As I mentioned earlier, This was TCRC’s best auction yet, and here’s some numbers!
Main Stage – 616 items
Silent Auction – 8 items
Bargain Table – 50 items
Total – 674 items
The auctioneers sold 616 items at a blazing average speed of 52 seconds per item, with the first item sold at 09:00 and the last at 18:15!
This is TCRC’s main fund raising event of the year, and with the proceeds from this auction, they will be able to do some field renovations, including refinishing their paved runways – the best part is that they’ll be able to do these projects without raising club member’s dues!
There were a few raffle prizes given away throughout the day – everyone that purchased a bidder’s number was entered in the raffle, but you had to be present to win. This is a great tactic to get people to stay until the end of the auction. I’ll stand by that claim, because yours truly won a Seagull Models Mini Cassutt ARF! I almost never win anything, so I was very surprised and pleased to take home a raffle prize!
Raffle prizes were donated by surrounding Hobby shops, and included Hobby Warehouse in Richfield, MN, Hobby Zone in Plymouth, MN, Hub Hobby in Richfield, MN, and Sky Hobby in Eagan, MN. Thank you to all that donated raffle prizes!

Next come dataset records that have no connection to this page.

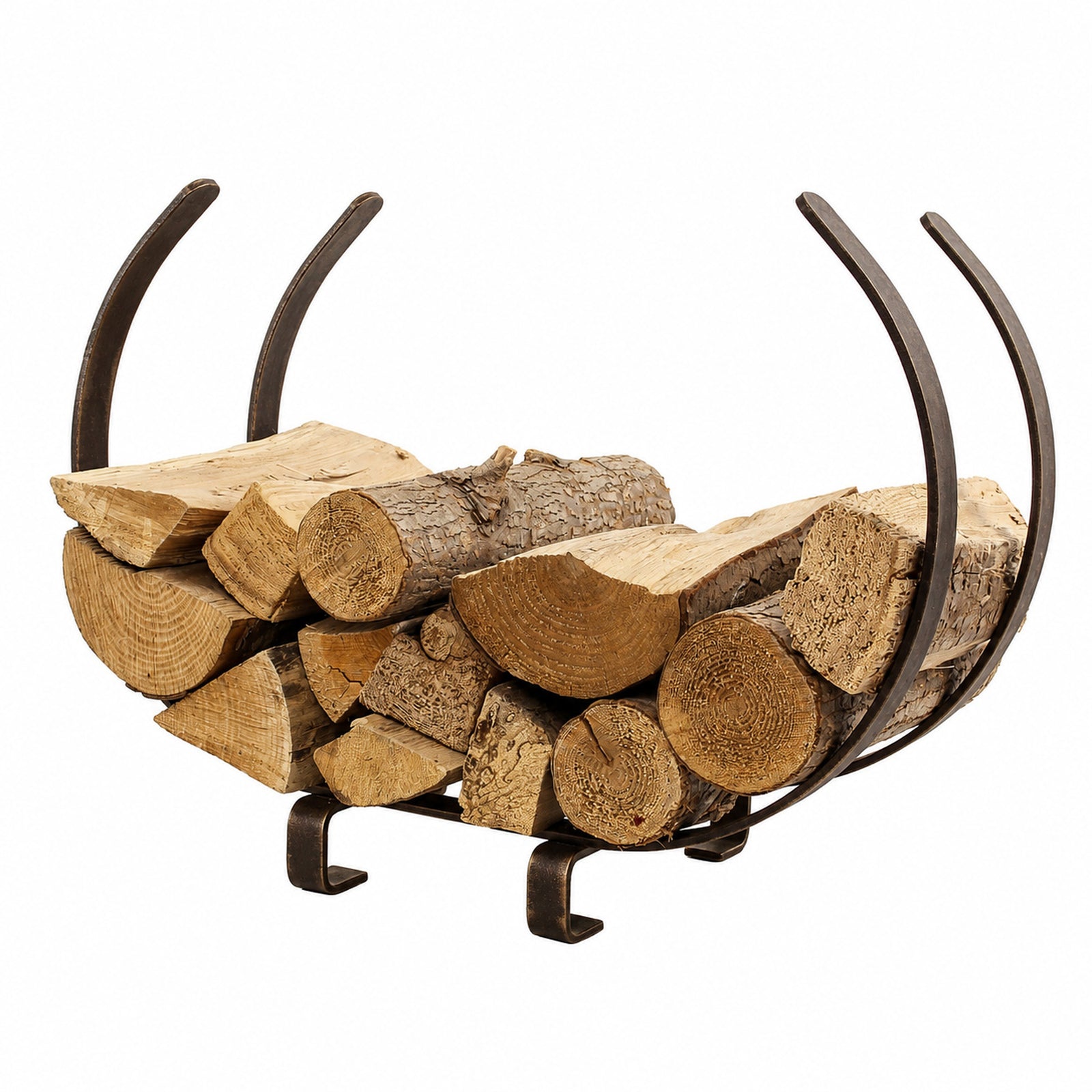 Enclume Floor Indoor/Outdoor Large U Shaped Fireplace Log Rack, Bronze Finish (CLEARANCE)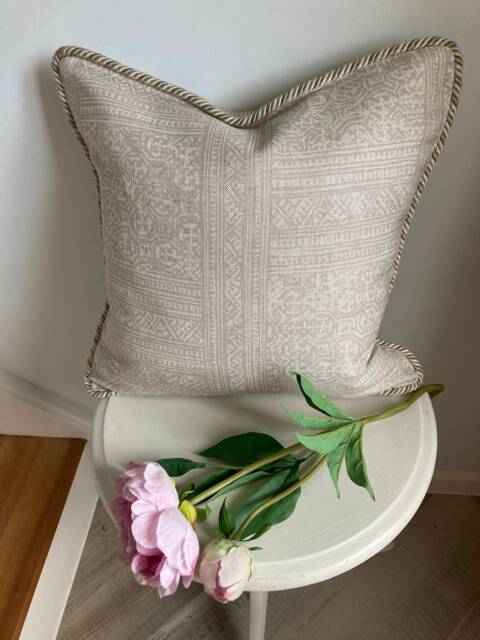 Andrew Martin Designer Cushion Cover Made To Order Ostuni Canvas Pewter Rope Trim 45cm - image 1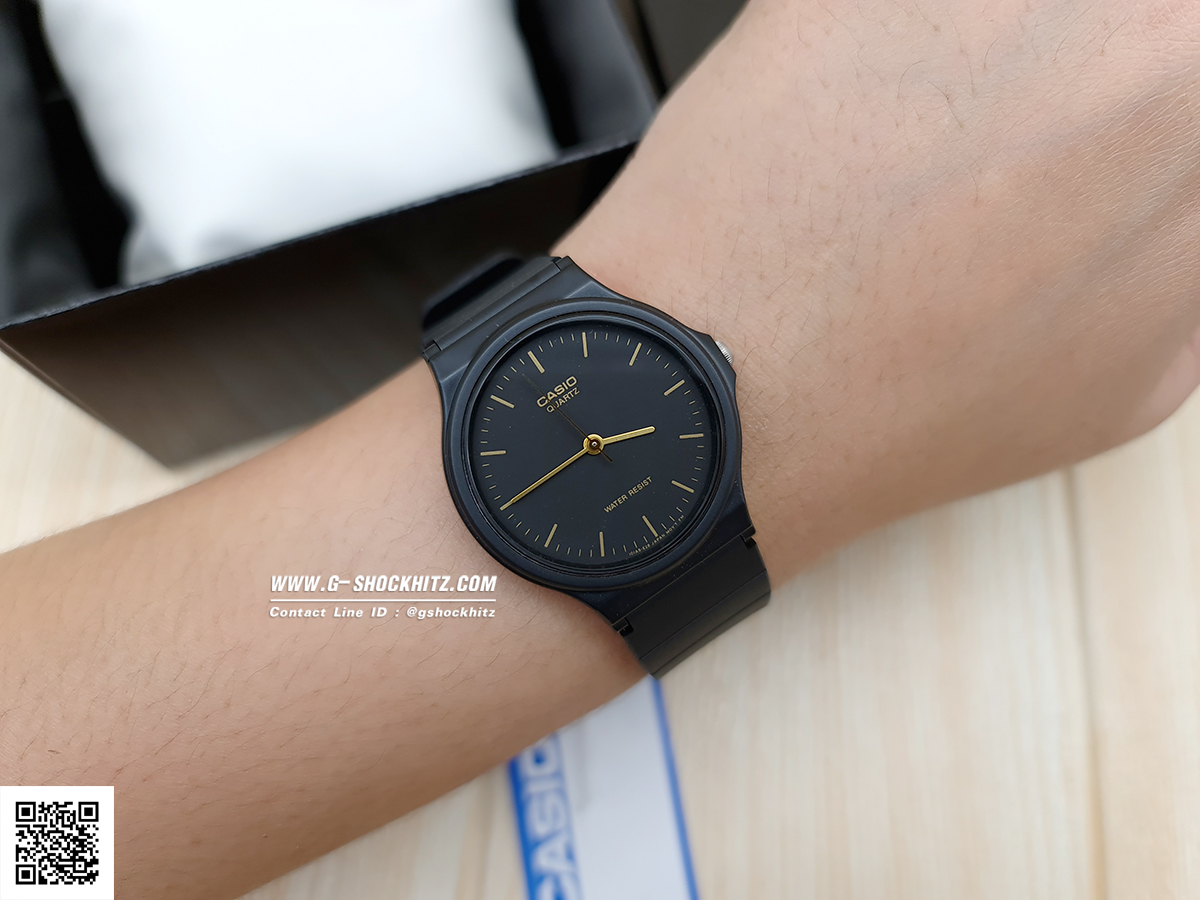 CASIO นาฬิกาคาสิโอ นาฬิกาข้อมือ นาฬิกากันน้ำ นาฬิกาของแท้ ประกันศูนย์ CMG 1 ปี รุ่น MQ-24-1E นาฬิกาสีดำ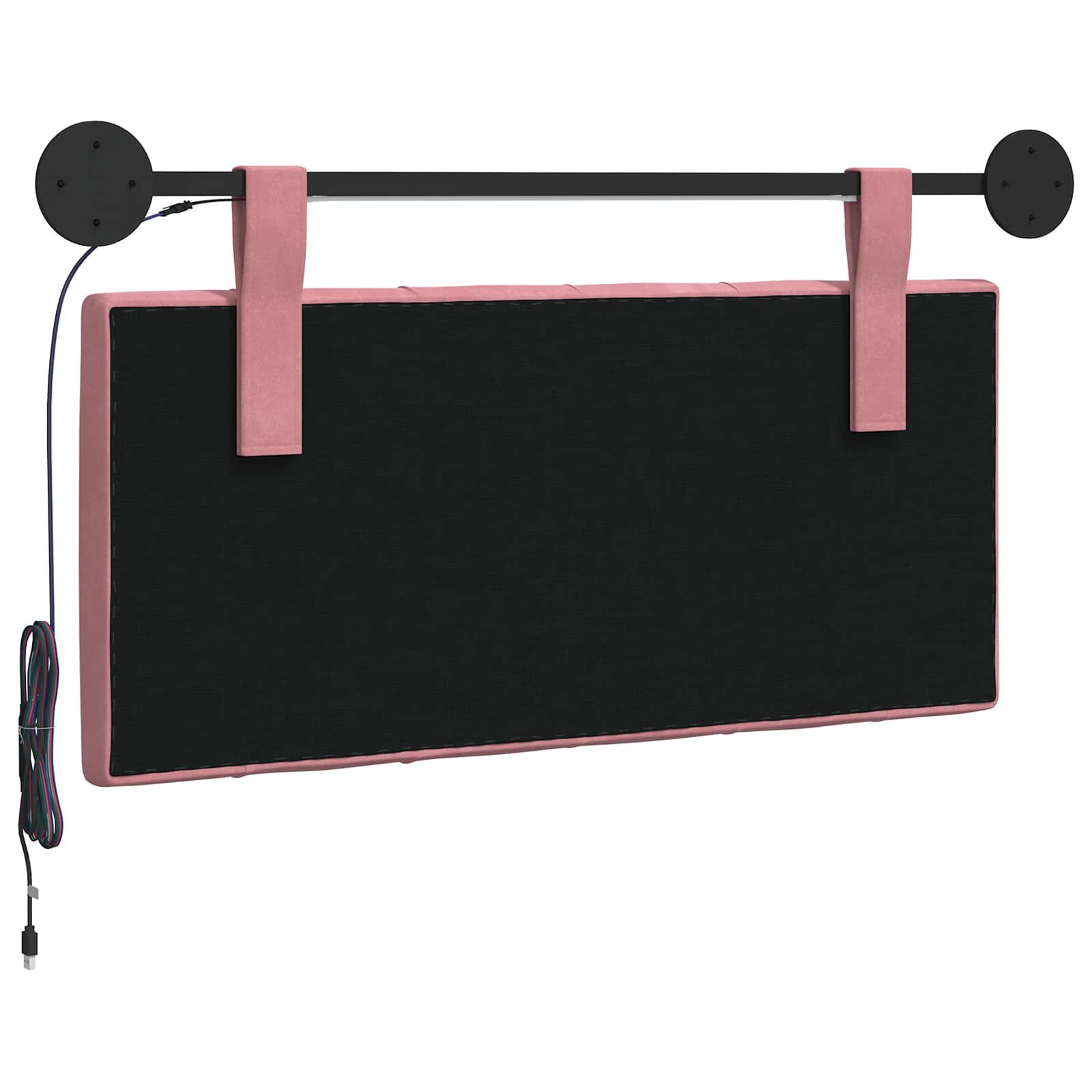 Hangend hoofdbord Met LED-verlichting Roze Fluweel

Well, that about wraps up this article. If you’re in the midwest, and are looking for a great day of all things involving RC aircraft, you should make a trip to the TCRC auction. As I mentioned earlier, I go every year – it’s a great place to sell or buy items, but also a good day to reconnect with old friends and make new friends. As a former member of the TCRC club myself, I look forward to spending the day with my TCRC friends! So, on behalf of all the attended the 41st annual TCRC auction, I thank the members and volunteers of the Twin Cities Radio Controllers – y’all did a great job putting on the BEST RC auction!